Task brief: Everything from the opening line of the listing below to the line that has "2015 Infiniti Q40", inclusive, should be returned exactly, except the pictures.
==== Provided records ====
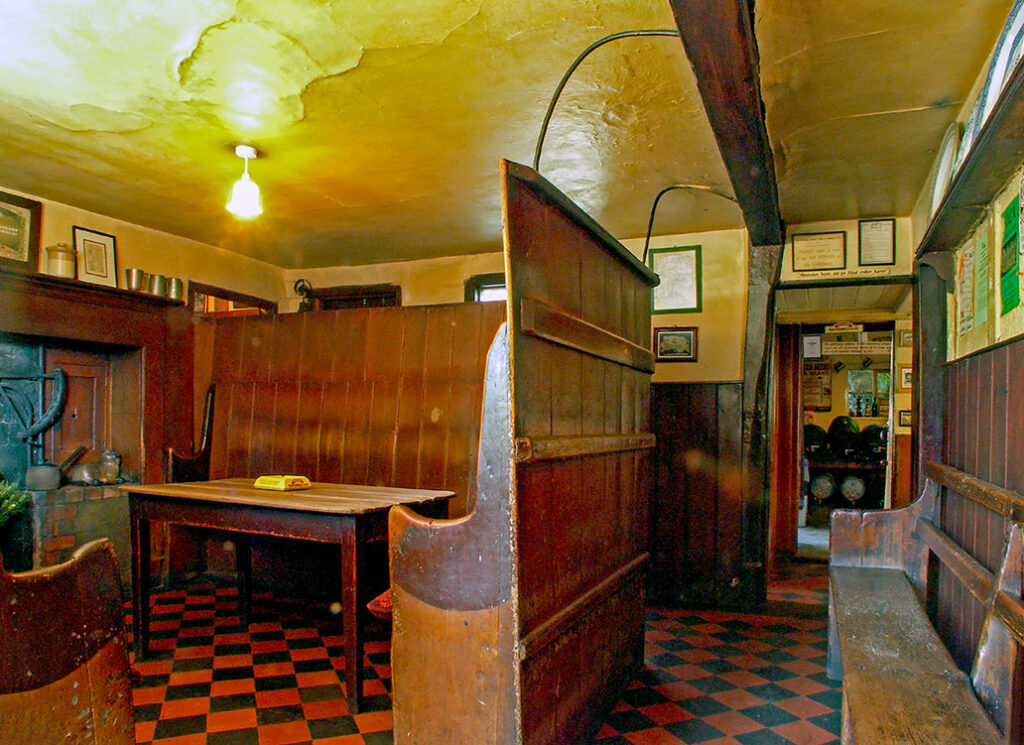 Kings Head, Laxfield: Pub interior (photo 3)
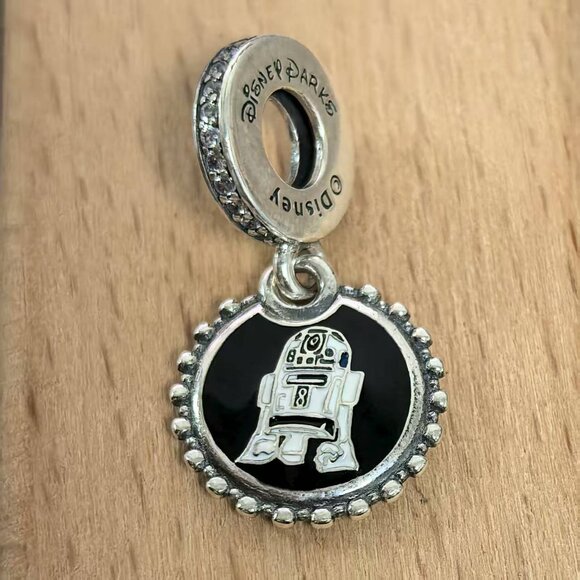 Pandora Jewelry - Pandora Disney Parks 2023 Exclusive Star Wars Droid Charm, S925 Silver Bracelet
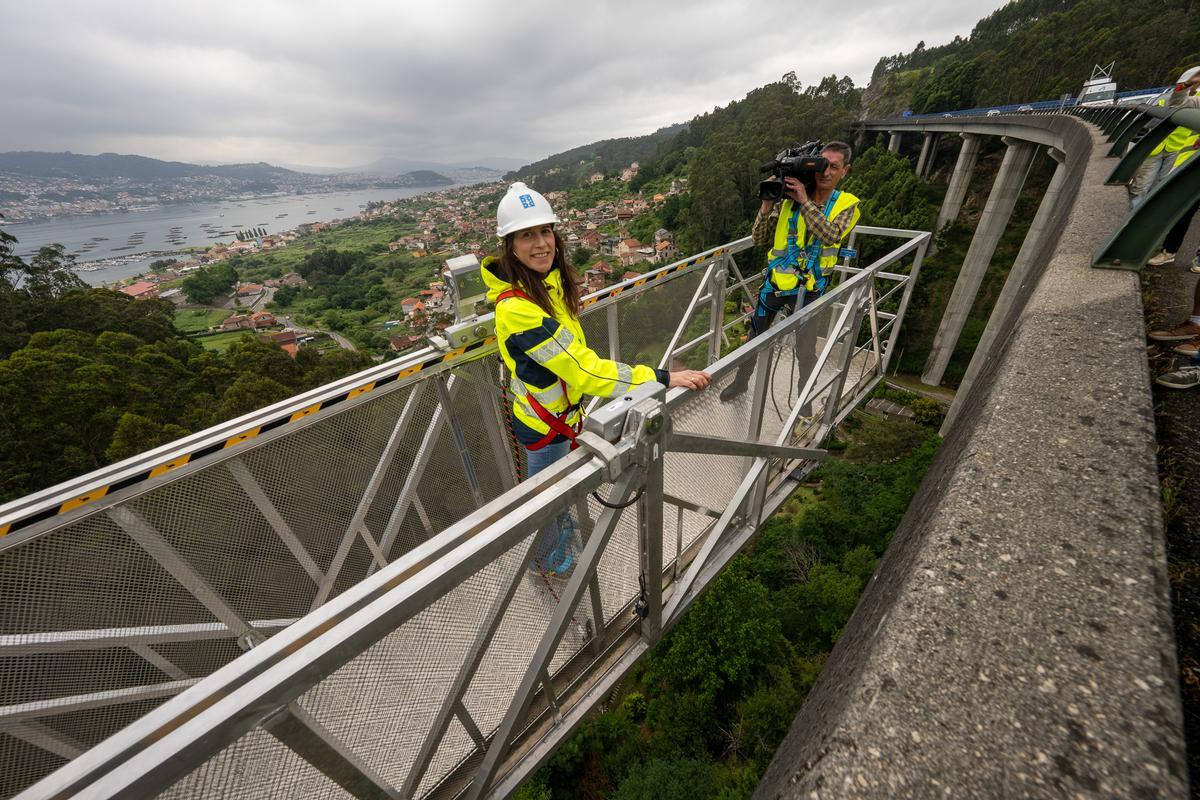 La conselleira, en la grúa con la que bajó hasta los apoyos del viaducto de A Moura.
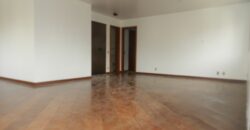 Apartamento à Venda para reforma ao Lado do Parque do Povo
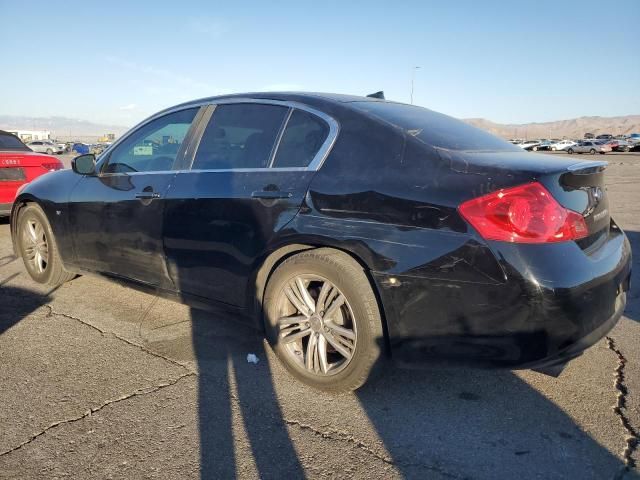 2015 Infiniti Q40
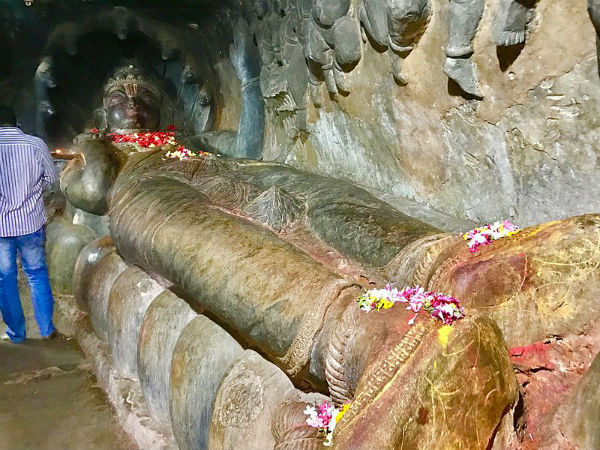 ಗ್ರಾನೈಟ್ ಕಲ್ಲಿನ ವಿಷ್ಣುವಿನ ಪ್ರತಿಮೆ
====
Task solution:
 Kings Head, Laxfield: Pub interior (photo 3)
 Pandora Jewelry - Pandora Disney Parks 2023 Exclusive Star Wars Droid Charm, S925 Silver Bracelet
 La conselleira, en la grúa con la que bajó hasta los apoyos del viaducto de A Moura.
 Apartamento à Venda para reforma ao Lado do Parque do Povo
 2015 Infiniti Q40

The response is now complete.